The radiocarbon (14C) dating facility at the Centre for Isotope Research, University of Groningen went through a major upgrade in 2017 and this included installation of a MICADAS accelerator mass spectrometer (AMS). In the first 18 months, we performed 4000 sample and 3000 reference measurements. A careful evaluation of those measurement results is presented, to characterize the various sources of uncertainty and to ultimately assign, for every sample measurement, a realistic expanded uncertainty. This analysis was performed on the measurements of secondary references and sample duplicates in various phases of their processing steps. The final expanded uncertainty includes both the 14C measurement uncertainties and uncertainties originating from pretreatment steps. Where the 14C measurement uncertainty includes straightforward uncertainties arising from Poisson statistics, background subtraction, calibration on Oxalic Acid II and δ13C correction, the uncertainties originating from pretreatment steps are based on the spread of actual measurement results for secondary references and sample duplicates.

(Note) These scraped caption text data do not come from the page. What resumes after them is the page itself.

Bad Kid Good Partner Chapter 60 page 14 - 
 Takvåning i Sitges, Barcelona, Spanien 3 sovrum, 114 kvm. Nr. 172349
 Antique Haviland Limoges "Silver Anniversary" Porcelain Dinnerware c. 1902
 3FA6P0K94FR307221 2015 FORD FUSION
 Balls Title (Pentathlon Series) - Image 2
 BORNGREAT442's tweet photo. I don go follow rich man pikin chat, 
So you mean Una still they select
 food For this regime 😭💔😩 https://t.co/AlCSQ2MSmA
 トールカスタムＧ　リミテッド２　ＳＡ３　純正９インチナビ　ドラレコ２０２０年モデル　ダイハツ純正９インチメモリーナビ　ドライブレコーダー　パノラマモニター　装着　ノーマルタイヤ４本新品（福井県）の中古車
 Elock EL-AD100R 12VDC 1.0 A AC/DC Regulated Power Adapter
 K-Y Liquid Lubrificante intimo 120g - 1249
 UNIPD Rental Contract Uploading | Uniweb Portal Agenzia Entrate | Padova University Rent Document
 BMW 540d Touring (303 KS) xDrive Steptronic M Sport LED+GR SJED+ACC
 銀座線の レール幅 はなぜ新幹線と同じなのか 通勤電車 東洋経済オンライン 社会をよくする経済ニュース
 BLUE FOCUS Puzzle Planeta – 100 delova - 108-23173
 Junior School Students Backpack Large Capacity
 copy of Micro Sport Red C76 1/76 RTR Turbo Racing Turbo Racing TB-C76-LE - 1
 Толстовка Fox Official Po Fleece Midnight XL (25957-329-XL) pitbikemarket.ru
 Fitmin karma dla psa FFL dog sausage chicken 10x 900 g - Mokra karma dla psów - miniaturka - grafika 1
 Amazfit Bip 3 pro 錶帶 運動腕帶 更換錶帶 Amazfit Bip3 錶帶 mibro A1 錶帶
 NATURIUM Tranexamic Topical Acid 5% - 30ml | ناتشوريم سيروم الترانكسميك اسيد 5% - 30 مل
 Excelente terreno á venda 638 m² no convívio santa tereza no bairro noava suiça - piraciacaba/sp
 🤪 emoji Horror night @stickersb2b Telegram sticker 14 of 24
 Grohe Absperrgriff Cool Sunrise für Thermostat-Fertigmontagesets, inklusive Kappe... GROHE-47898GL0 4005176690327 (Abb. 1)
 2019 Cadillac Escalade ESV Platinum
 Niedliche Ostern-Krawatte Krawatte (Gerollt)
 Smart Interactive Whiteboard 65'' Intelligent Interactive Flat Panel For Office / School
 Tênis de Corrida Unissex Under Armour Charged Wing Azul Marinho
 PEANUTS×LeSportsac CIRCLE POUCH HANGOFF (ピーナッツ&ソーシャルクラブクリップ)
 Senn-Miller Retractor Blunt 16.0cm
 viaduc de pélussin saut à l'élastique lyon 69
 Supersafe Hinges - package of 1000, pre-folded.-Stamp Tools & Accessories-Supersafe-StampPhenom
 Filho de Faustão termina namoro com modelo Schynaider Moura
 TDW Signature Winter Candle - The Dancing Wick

We show that the 14C measurement uncertainty requires expansion, depending on the number of processing steps involved prior to a 14C measurement, by a maximum factor of 1.6 at our laboratory. By using these expansion (multiplication) factors, we make our reported uncertainty both more realistic and reliable.

中文翻译：

---

使用新一代高产加速器质谱仪对放射性碳分析的不确定性进行独立评估

放射性碳 (14C) 格罗宁根大学同位素研究中心的测年设施在 2017 年进行了重大升级，其中包括安装 MICADAS 加速器质谱仪 (AMS)。在前 18 个月，我们进行了 4000 个样本和 3000 个参考测量。对这些测量结果进行了仔细评估，以表征各种不确定性来源，并最终为每个样品测量分配一个现实的扩展不确定性。该分析是在其处理步骤的各个阶段对二级参考和样品副本的测量进行的。最终扩展的不确定性包括14C 测量不确定性和源自预处理步骤的不确定性。在哪里14C 测量不确定性包括泊松统计、背景扣除、草酸 II 和 δ 校准产生的直接不确定性13C 校正，源自预处理步骤的不确定性基于二次参考和样品重复的实际测量结果的分布。我们证明了14C 测量不确定度需要扩展，具体取决于在测量之前涉及的处理步骤的数量14C 测量，我们实验室的最大系数为 1.6。通过使用这些扩展（乘法）因子，我们使我们报告的不确定性更加现实和可靠。